God became truly human. He grew up as we do, and was curious about things as we are, and died as we do. He knows who we are; he knows our needs; he knows human life from the inside, and therefore I come back again and again to what means more to me than any other verse or verses in the Bible – Hebrews 4:15-16 – as the very best summary I know of what it’s all about:
“For we do not have a high priest who is unable to sympathize with our weaknesses, but we have one who in every respect has been tested as we are, yet without sin. Let us therefore approach the throne of grace with boldness, so that we may receive mercy and find grace to help in time of need. ” (Hebrews 4:15-6)
Wherever we’re called to go, we can go there because he’s been here, and he understands. He knows what it’s like to be a twelve year old and curious about the world, knows what it’s like to get tired, knows what it’s like to suffer and die.

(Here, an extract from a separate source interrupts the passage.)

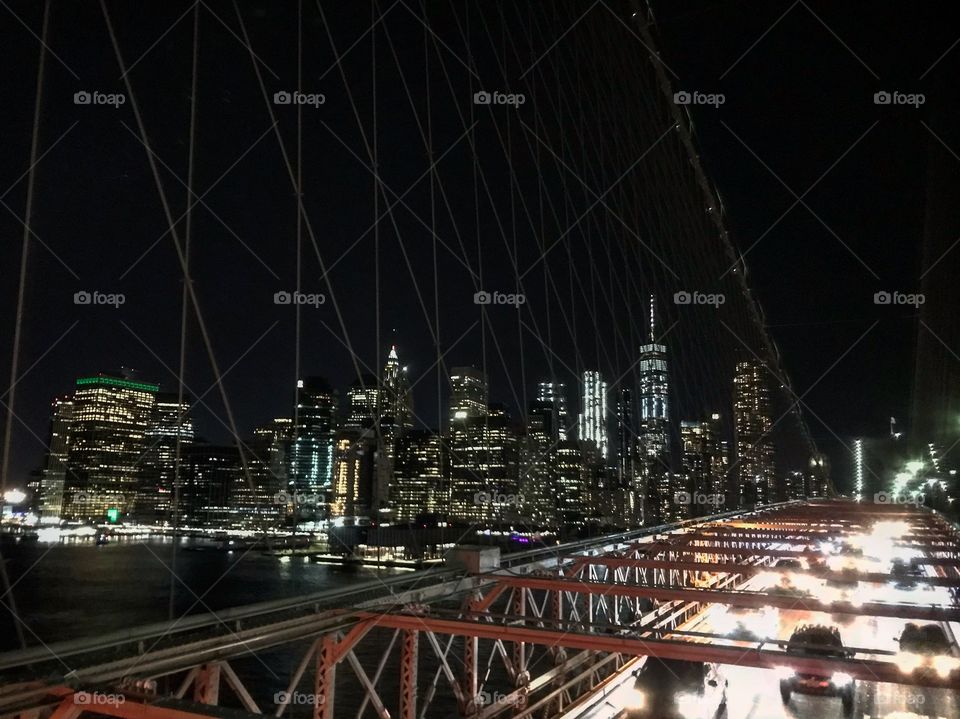 Nighttime photo of the New York City skyline taken from the Brooklyn Bridge. Some of the cars on the bridge and bridge cables are also seen. 
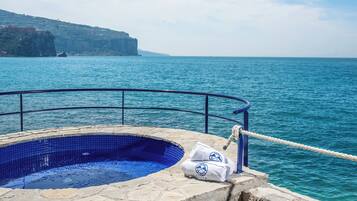 Una piscina de piedra con interior de azulejos azules, rodeada por una terraza de piedra y una barandilla metálica, con vistas a una gran extensión de agua y una costa rocosa en la distancia.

There’s a story about how Jesus later on walked on water. So what? So did Peter – till he lost his nerve. I value more the story in John’s gospel (4:6) of how Jesus was traveling through Samaria one day and got tired and had to sit down and rest. He was truly human, one with us, one of us, to whom we can turn as to a friend and not a stranger, not a mere visitor. He knows us; he’s been here. And we know him, and we can turn to him for help, and he gives us now voices to use and hands to employ to follow him and make a difference.